PROBLEM STATEMENT>
Within the listing below, the lines to output run from the one containing "Change Healthcare FAS-000004" through the one containing "Inov-8 Roclite Ultra"; copy them exactly and nothing else.

DATA RECORDS>
◇ ◇ ◇ ◇ ◇ ◇ ◇

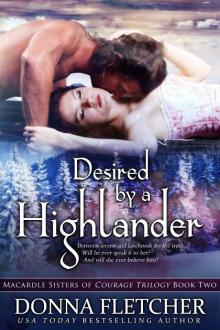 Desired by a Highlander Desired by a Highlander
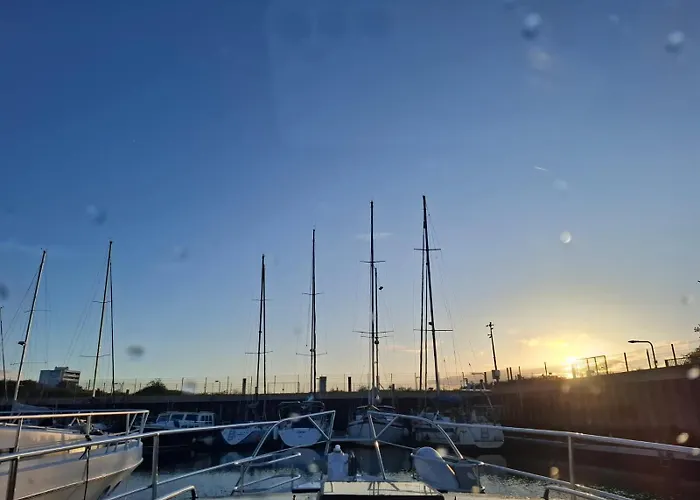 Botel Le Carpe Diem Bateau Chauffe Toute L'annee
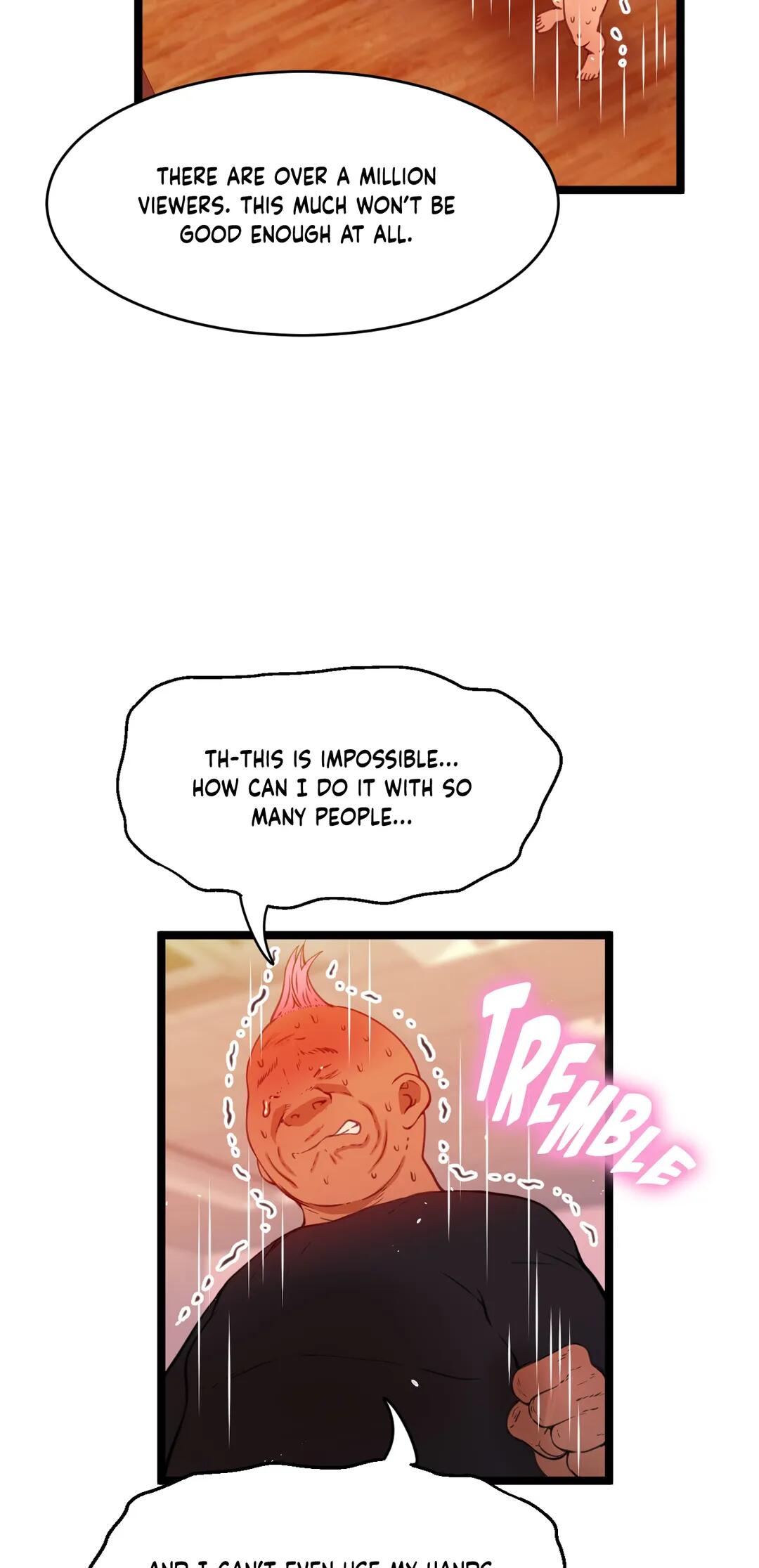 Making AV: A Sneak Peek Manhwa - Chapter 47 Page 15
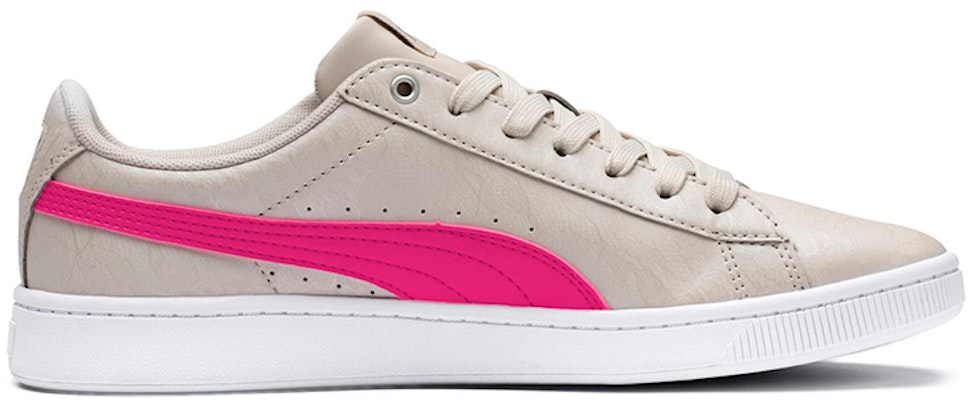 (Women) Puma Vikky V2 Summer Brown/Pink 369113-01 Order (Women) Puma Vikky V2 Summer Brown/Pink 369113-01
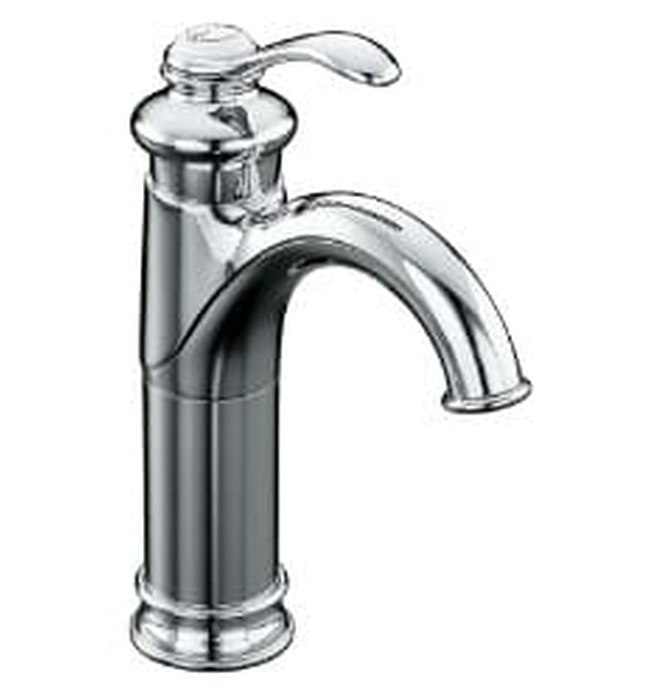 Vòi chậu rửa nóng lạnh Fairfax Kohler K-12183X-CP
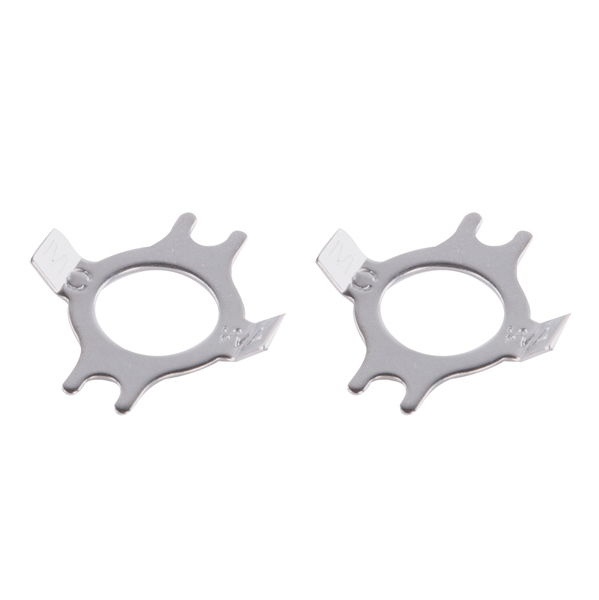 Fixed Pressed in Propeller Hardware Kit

◇ ◇ ◇ ◇ ◇ ◇ ◇

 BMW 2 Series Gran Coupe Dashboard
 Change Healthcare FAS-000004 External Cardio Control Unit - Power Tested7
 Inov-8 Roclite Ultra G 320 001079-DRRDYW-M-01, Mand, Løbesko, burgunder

◇ ◇ ◇ ◇ ◇ ◇ ◇

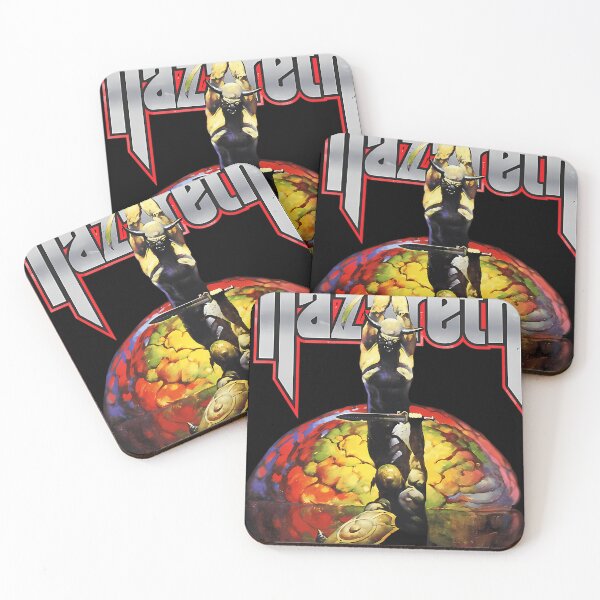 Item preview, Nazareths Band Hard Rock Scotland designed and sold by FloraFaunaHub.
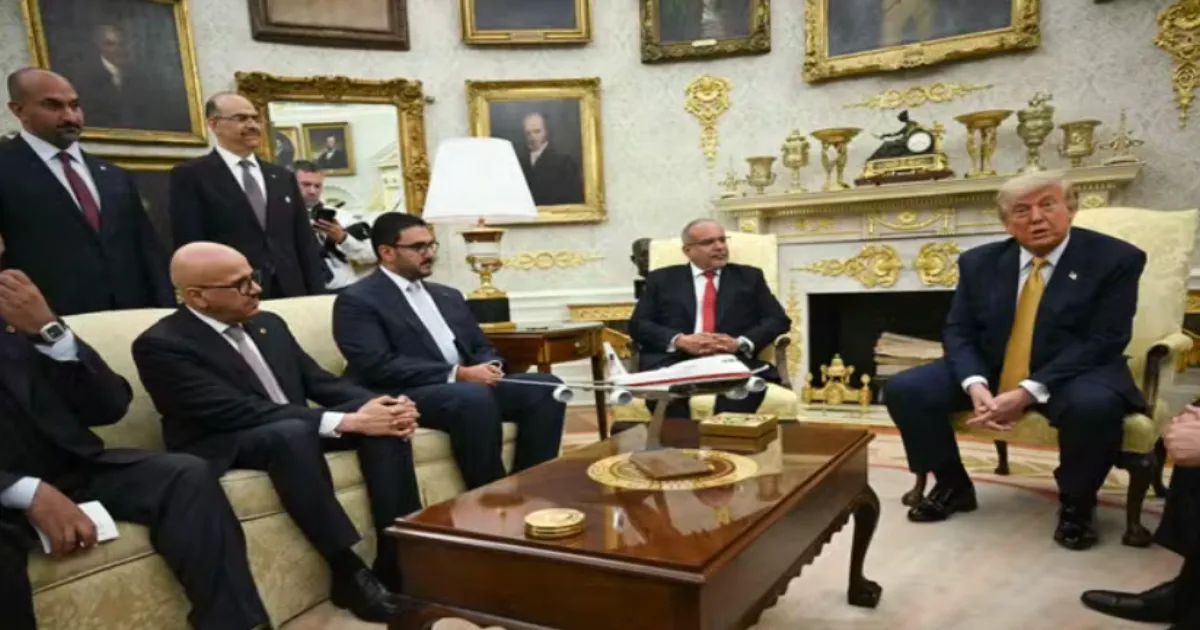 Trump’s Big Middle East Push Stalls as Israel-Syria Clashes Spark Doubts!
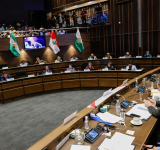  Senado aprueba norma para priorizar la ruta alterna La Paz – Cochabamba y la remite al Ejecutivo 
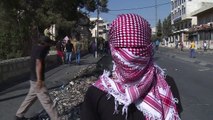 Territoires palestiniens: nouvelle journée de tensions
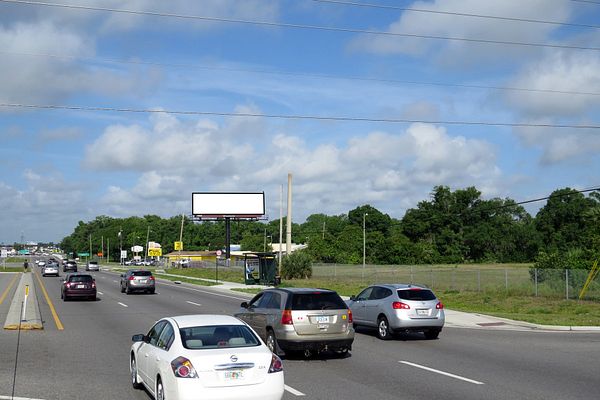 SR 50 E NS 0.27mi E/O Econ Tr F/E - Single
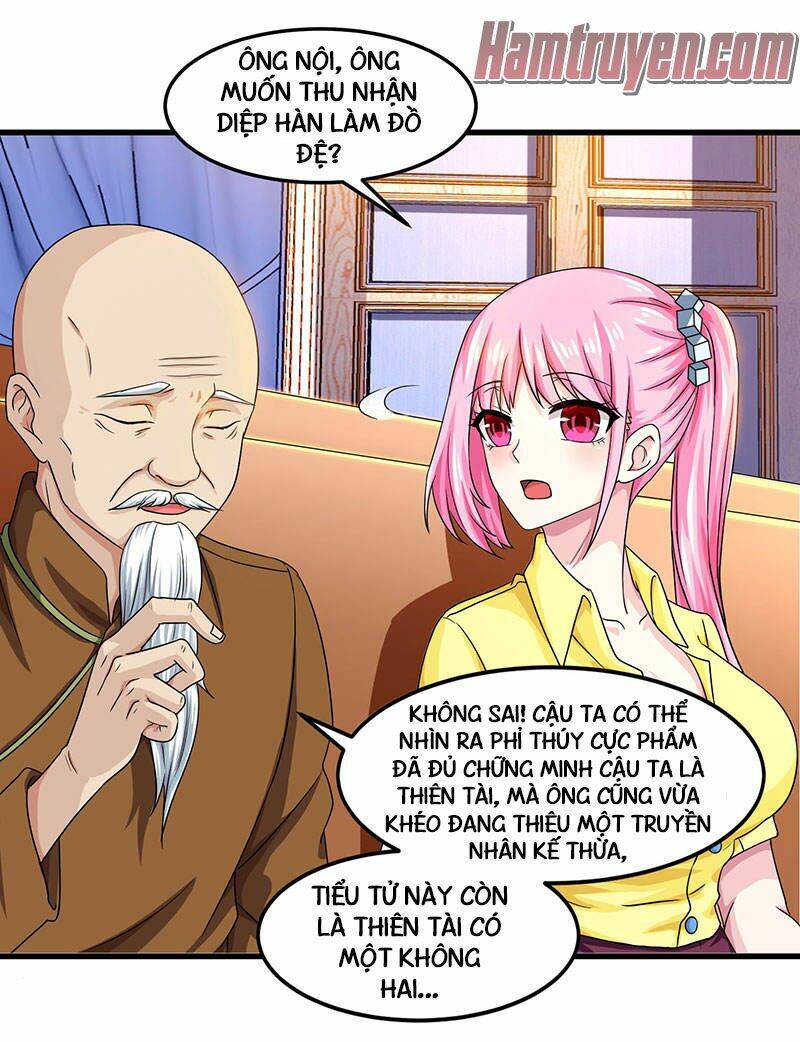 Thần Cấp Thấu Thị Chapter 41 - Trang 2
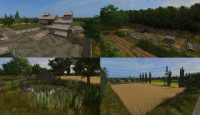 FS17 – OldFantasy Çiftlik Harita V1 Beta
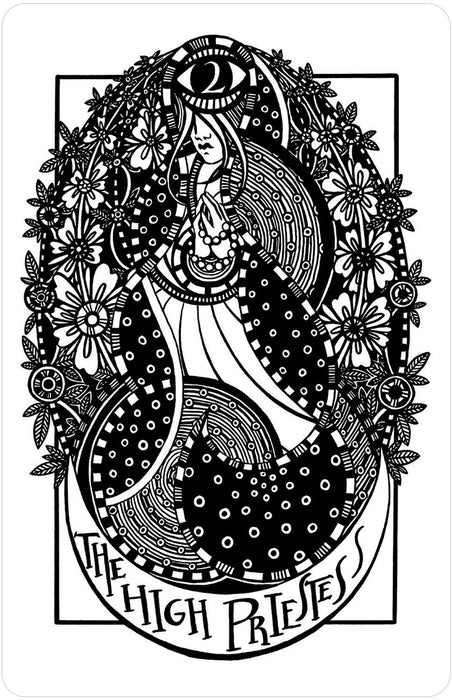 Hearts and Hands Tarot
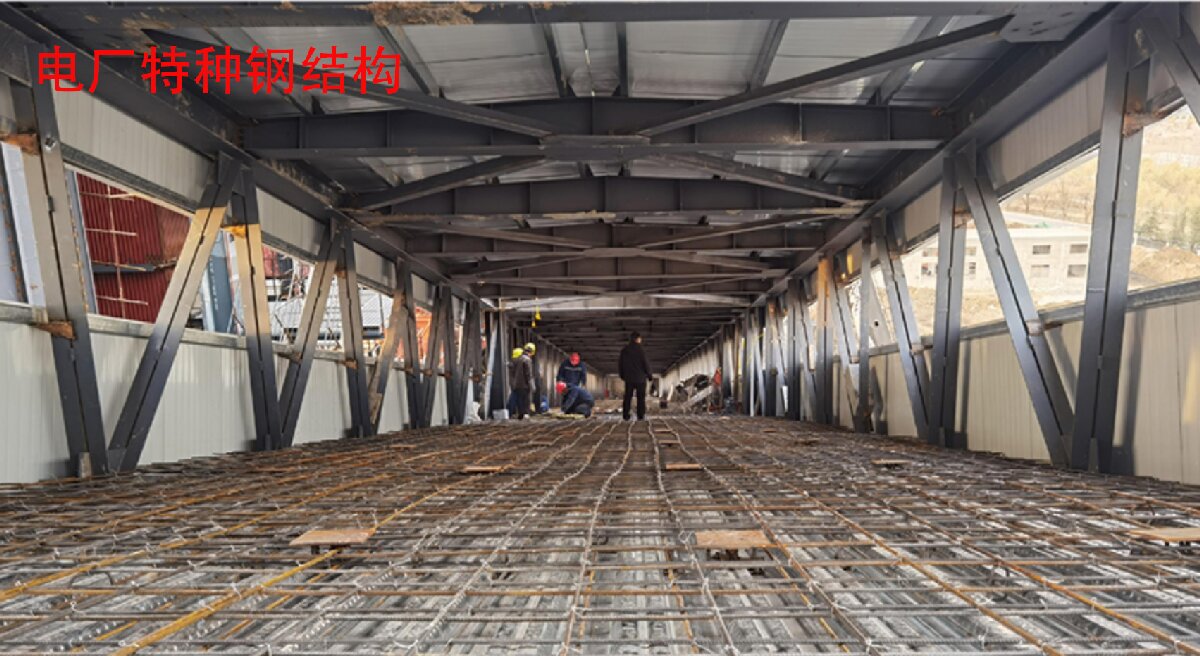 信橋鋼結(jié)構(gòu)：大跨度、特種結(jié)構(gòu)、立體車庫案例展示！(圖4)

◇ ◇ ◇ ◇ ◇ ◇ ◇

PROBLEM SOLUTION>
 Change Healthcare FAS-000004 External Cardio Control Unit - Power Tested7
 Inov-8 Roclite Ultra G 320 001079-DRRDYW-M-01, Mand, Løbesko, burgunder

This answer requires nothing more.